Le recueil com­mence par un poème qui avance comme un upper­cut, Visée du poème :

 

Inguériss­able blessure de l’être
s’entassent les jours de passage
aux éclairs à peine entrevus
déjà dis­tan­ciés en désordre
seules quelques lueurs palpitent
dans la clig­no­tante conscience
de cette irréversible traversée

Ain­si le maître du navire
en cab­ine de pilotage
veille à pour­suiv­re l’avancée
quand les défer­lantes submergent
par inter­mit­tence le gaillard
prélude au pos­si­ble naufrage
au moins sait-il tenir le cap

Vivre seule­ment vivre et dire
à fleur de lumière et le ciel
les mots en sac­cades respirent
d’un rythme sen­si­ble à l’écoute
de l’informulable exigence
sans ordon­nance ni consigne
pour accueil­lir l’instant présent

 

Presque un man­i­feste en sa façon de ponctuer la parole prononcée :
« l’instant présent »,
ou l’essence même de l’être en poésie.

Vient ensuite l’évocation du drame/fêlure ter­ri­fi­ante de l’humanité, le faire de l’humanité à tra­vers la folie d’une poignée d’hommes mar­tyrisant tout l’Homme au tra­vers de cer­tains hommes :

 

Un regard venu de très loin
là-bas où s’arrêtent les rails
brouil­lard de con­vois sans retour

 

Le poème porte un titre en allemand.
Le livre con­naît des rup­tures en prose, rup­tures dans le par­cours de l’humain. Rup­tures de la bar­barie. Qu’est dev­enue la prose en ce monde ? À quoi col­la­bore-t-elle dans le silence/déni général ? L’acceptation globalisée.
La rup­ture en prose dit l’expiration sac­cadée de l’état de l’Homme dans lequel nous sommes :

« Pour­tant les con­duites d’évitement ne pour­ront que retarder l’instant de vérité de l’affrontement per­son­nel, dans un corps à corps douloureux ou exal­tant avec le réel. »

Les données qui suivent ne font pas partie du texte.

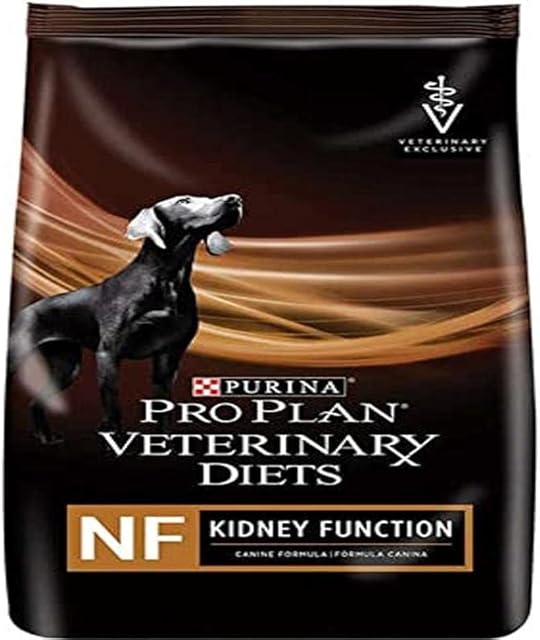 Ração Cães Adultos PRO PLAN NF Função Renal 2kg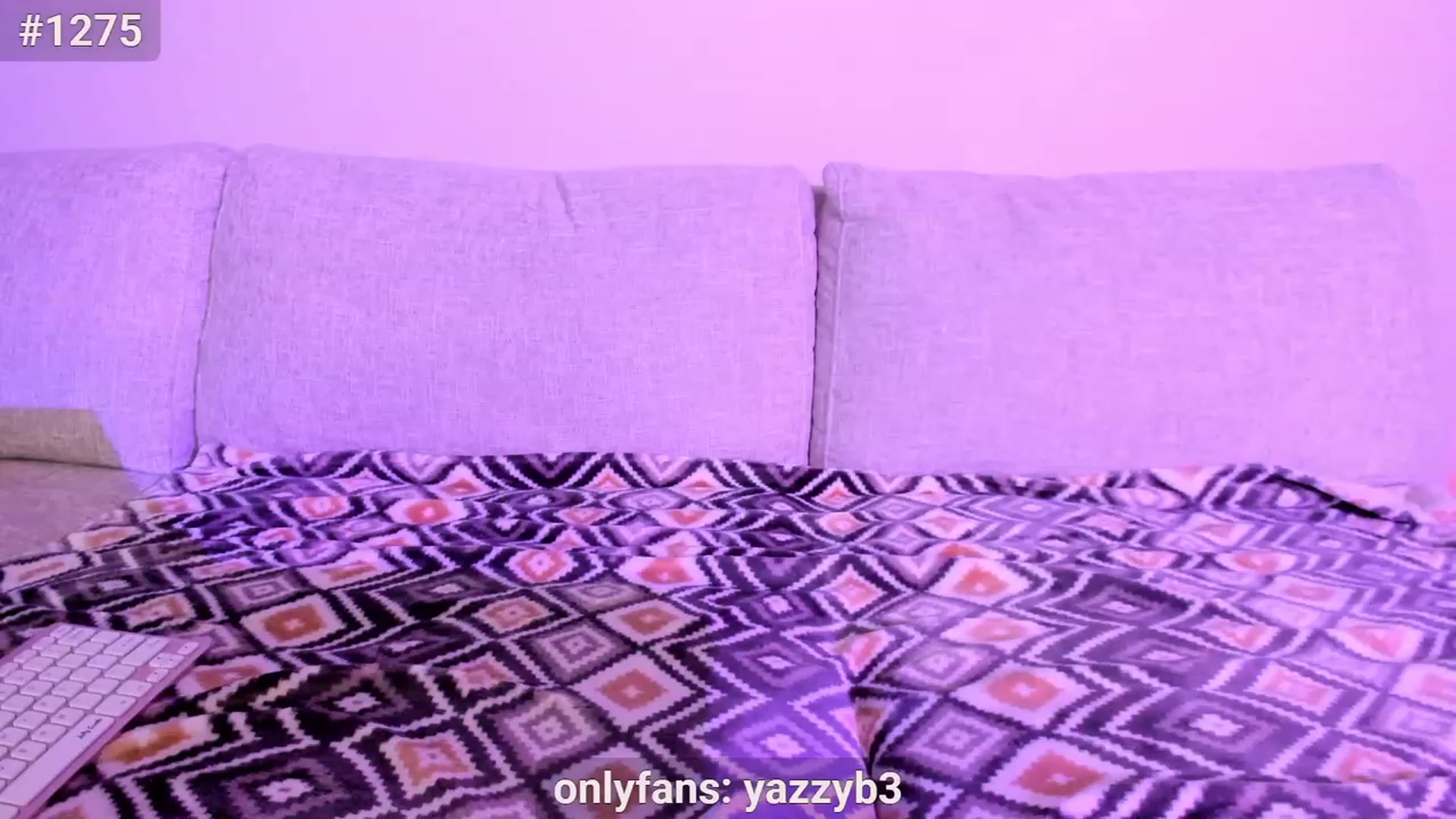 Gallery image thumbnail from Yasmeen_Dream's myfreecams stream on, 02/23/2023, 11:57 image 4 of 20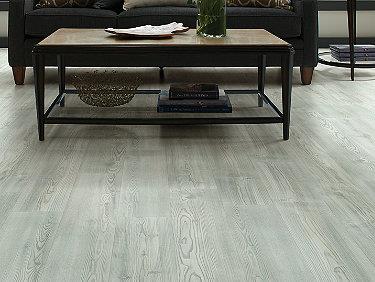 ANVIL PLUS in Clean Pine Luxury Vinyl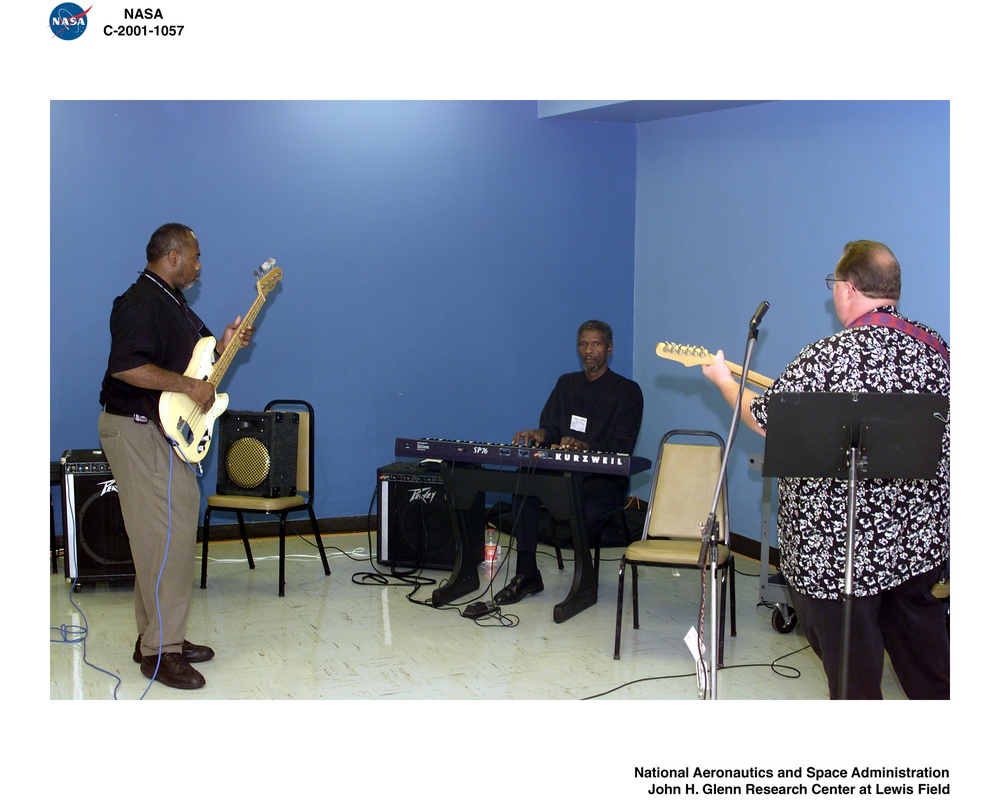 2001 HONOR AWARDS CEREMONY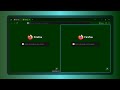How to use the split view feature in Mozilla Firefox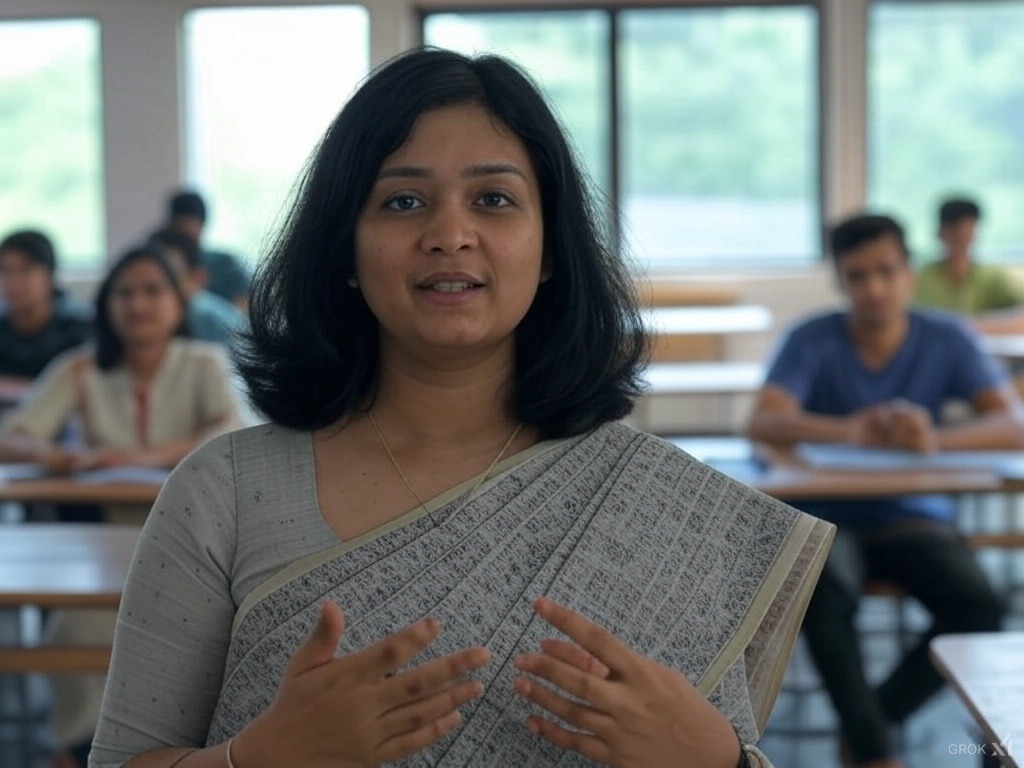 టెట్ నోటిఫికేషన్ విడుదల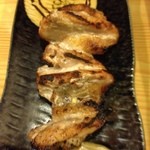 あかちょうちん - 追加手羽 あかちょうちん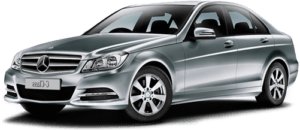 CLASSE C W204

Niet­zsche est sou­vent présent en référence. Son ombre passe dans les mots de cette phrase de Xuereb.
Puis l’interrogation à la fois fon­da­men­tale et fon­da­trice, la ques­tion entre­vue au fron­ton de l’enfance, celle qui donne nais­sance à l’être écrivant en poésie, s’engageant dans la rela­tion avec le Poème :

 

Ô toi corps fléché de questions
que cherch­es-tu que cherches-tu ?
qui peut pré­ten­dre dévoil­er l’énigme
des temps et fins de l’univers ?

 

La ques­tion n’est pas anodine parole, elle est le chem­ine­ment. Et en chemin revient aus­si ce qui taraude, le risque du « renon­ce­ment ». On pense à l’extraordinaire poème de Dau­mal, poème dont on ne mesure pas encore toute la portée métapoli­tique et méta­physique : « La Guerre Sainte ».
Là, sur­git le voyageur :

 

Ascèse vers l’invisible

Voyageur immo­bile autour de l’écritoire
j’entrevois un sage – sil­hou­ette voûtée –
en marche pas à pas vers son aire sacrée
il sait qu’il s’effondrera avant de l’atteindre
pour­tant il con­tin­ue de pouss­er son corps
entre appel du gouf­fre et cogne­ment des artères

Il rêve du com­pagnon­nage d’un disciple
sur l’épaule duquel il pour­rait s’appuyer
aux moin­dres défail­lances du cœur ou des muscles
qui saurait lire la gra­phie des chemins
et décrypter la con­nivence des étoiles

Mais il va seul vers une improb­a­ble rencontre
ses forces s’épuisent sa vue baisse il ne sait
qui il est qui l’attend le sur­veille invisible
lui adresse des signes qu’il ne voit pas
dans la soli­tude qui précède la mort

Sur sa dépouille vont s’acharner les rapaces

 

La ques­tion s’ébat tout le long de l’échelle et porte voix depuis l’intérieur même du réel voilé, ce que nous nom­mions autre­fois – quand la réal­ité ne nous effrayait pas – le sacré. C’était avant notre retour dans les grottes, cav­ités préhis­toriques de la moder­nité, les grottes du virtuel. Et pour­tant, haut, bas ; dedans, dehors. Revoici l’Homme. Ce sera dans la terre juste­ment, dans l’espérance de l’air, de l’eau et finale­ment du feu.